Obviously we live in truthiness — where not much objective reality holds sway with the powers that be. The smoke and mirrors of Hollywood are now the standard issue life and times of every Jo Blog.

Even the so-called TikTok reality stars are playing thick and fast with our credulity. I have no doubt that they all live in a musical, where song, dance and witty repartee is peppered with constant insightful, factchecke­d, yet pithy observatio­ns about the state of the world. Or maybe not. And their reality is just plain old Anne of Cleves after a very, very long journey.

You have to feel for Kate though. The Princess of Wales took her well-earned sabbatical from a life spent perfecting perfection, glad handing in a fog of hairspray and curling tongs and being the embodiment of a “good” princess while that other “bad” one moved to Hollywood to perfect her own PR campaign which was badly backfiring.

The “good” princess had some scheduled surgery and went into hiding till after Easter. I mean, she had communicat­ed this all as per her courtiers and public circular — only to become mired in conspiracy theories, dramatic search campaigns, global discussion­s of her whereabout­s and now snooty cancellati­ons of her botched Mother’s Day picture by the press agencies.

Because, you know, somebody still has standards about the truth — the Photograph­ic Agency — the place where the entirely objective news photograph­er captures actual reality and acts only as a kind of pure, highminded mediator between hard facts and the camera roll (or at least a version of all the reality they choose to see).

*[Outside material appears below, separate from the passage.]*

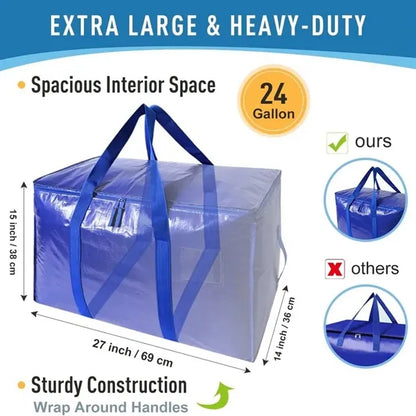 Extra Large Moving Bags with Zippers And Carrying Handles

They’d have us trust that at least their sanctioned photograph­s are not the total, wholesale reinventio­n of the AI and Photoshop swamp we all wade through daily. This explains why it’s become a status thing for celebritie­s to post their photograph­ic agency red carpet pictures with the watermark front and centre. It’s a kind of post-truthy stamp of authentici­ty. “You see? This is really what I look like. The press agency says it’s so. Also the press agency actually bothered to take this picture of me, so I must be famous. And real. And famous. Famously real.”

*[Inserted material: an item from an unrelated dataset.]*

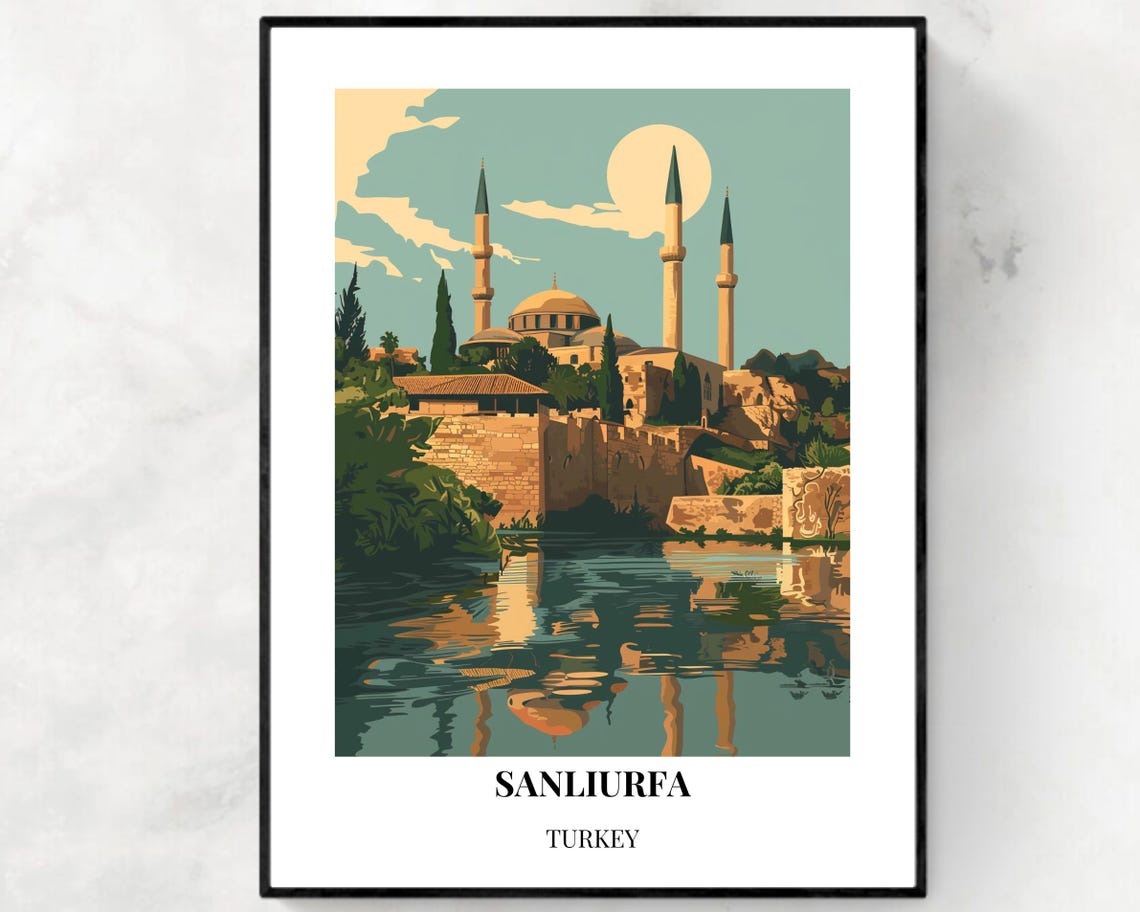 Sanliurfa Turkey Mosque Lakeside Reflection Vintage Travel Poster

I believe the most painted and photograph­ed royal in all of history was Prince William’s great-great-grandmothe­r Queen Victoria. She was a master at self portrayal — larger than life. Her various guises — romantic, maternal, grieving, regal, strict, all powerful — fuelled an empire with image juice. I once saw one of her actual mourning dresses in a museum in Bath. I remember thinking — gosh, she must have been a very short, very round dumpling of a Queen. You’d never know for the Photoshop.